The idea of "deferring" after winning the coin toss is for a team to come out in the second half, march down the field, and score. That choice paid off beautifully for San Francisco. Not only did the 49ers hold Mahomes & Co. to three-and-out on the game's opening possession, their five-and-a-half-minute drive to open the third-quarter may have been their best of the game. Jimmy G was 5-for-5, Deebo Samuel broke a 14-yard run, and Robbie Gould gave the 49ers the lead they'd hold for the next 20 minutes.  On their two scoring drives in that glorious third period, Garoppolo was 8-of-9 for 94 yards, and his best completion of the night was a 26-yard over-the-middle beauty to Kendrick Bourne. Their second-quarter touchdown drive was a portrait in balanced offense, too: four rushes for 38 yards and three passes, all complete, for 42 yards and the touchdown to Kyle Juszczyk.  We suppose coach had these drives in mind during the game's final five minutes, but we also know he knows his situational football. Well, that's enough of that.

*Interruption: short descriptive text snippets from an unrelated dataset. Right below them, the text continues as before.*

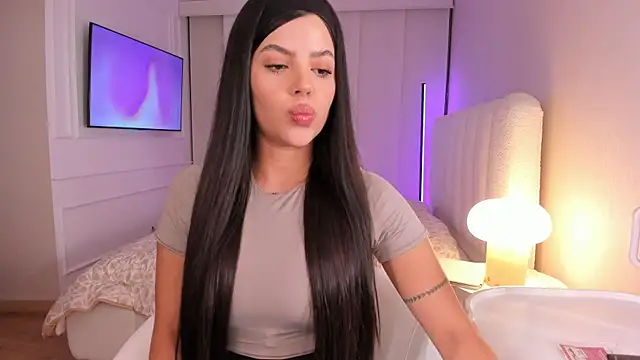 Snapshot of salome__11 chatting on 10-30-25, 01:40 salome 11 online show from 10-30-25, 01:40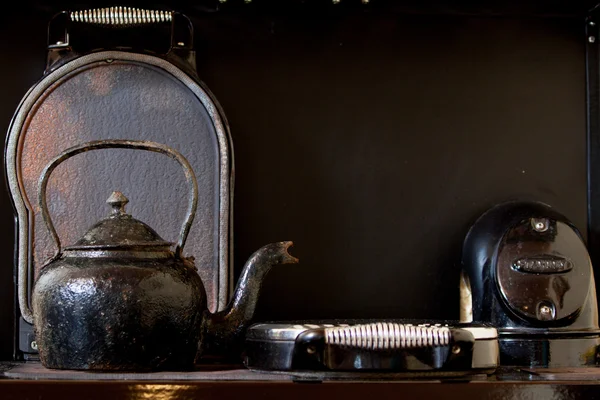 Старий чайник на плиті Ліцензійні Стокові Фото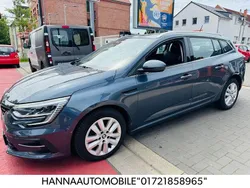 Grau Gebraucht 2022 Renault Mégane IV Business Limousine | 11.000 € (Guter Preis)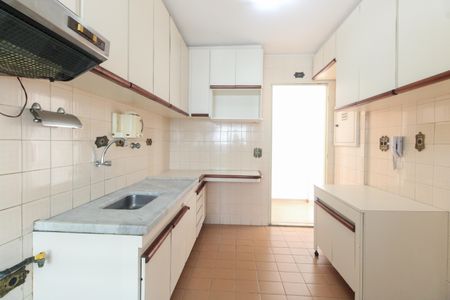 Apartamento para alugar com 70m², 2 quartos e 1 vaga Apartamento para alugar com 70m², 2 quartos e 1 vagaCozinha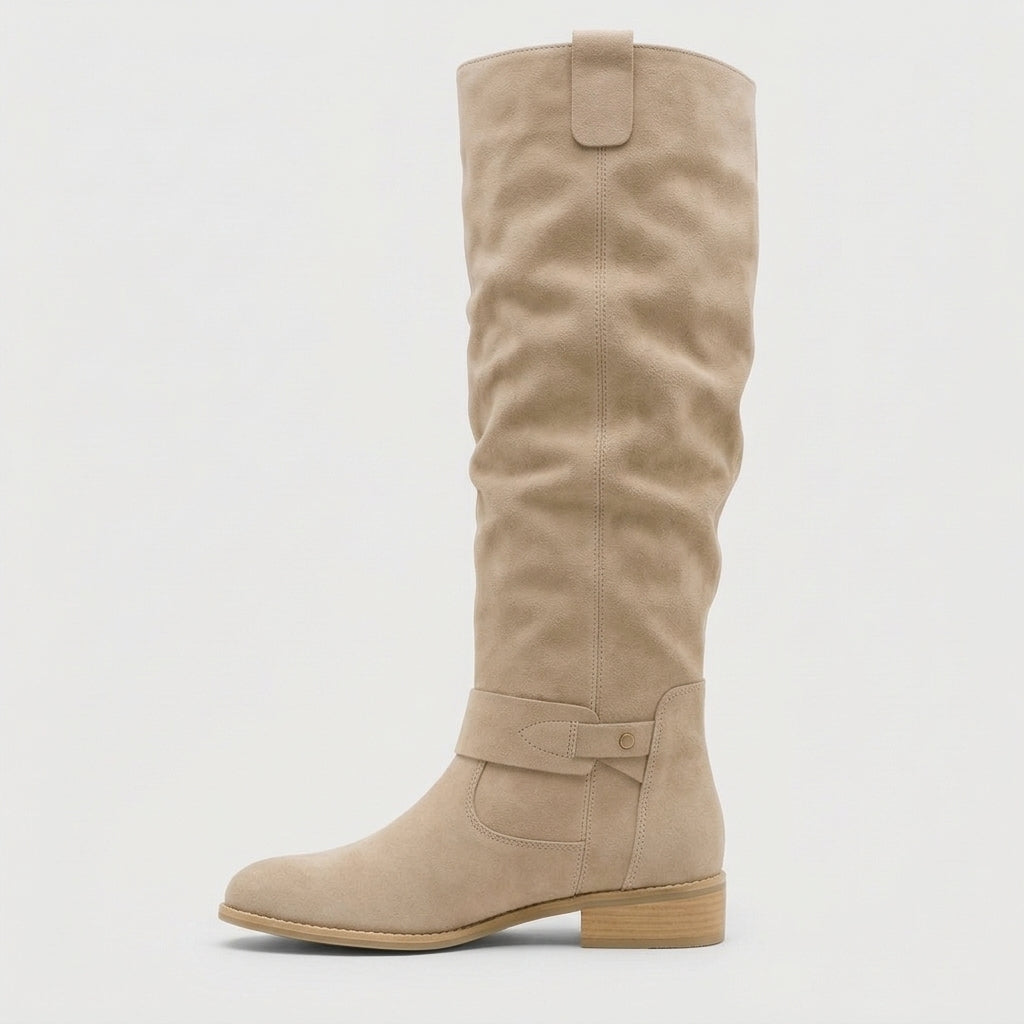 Bota alta Lola de perfil con caña flexible y tacón bajo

Indeed, much has been made about how Kyle Shanahan and Jimmy Garoppolo will deal with this, losing a game that not only seemed eminently winnable but was, even after the Chiefs' offense found itself. And more will be made about the 49ers' chances of coming back to the Super Bowl next year and winning it, or whether they'll endure a season of disappointment and near-misses, as did the Rams in 2019. That's not our thing and we won't dwell on it. 

But we've always liked the Kansas City Chiefs, ever since that great win over Minnesota in the fourth Super Bowl, and we have no problem congratulating a great organization, a great team, a great coach, a great fan base, and the game's greatest quarterback. Enjoy the spotlight, Chiefs; it's been a long time coming, and it's well deserved. See you next season.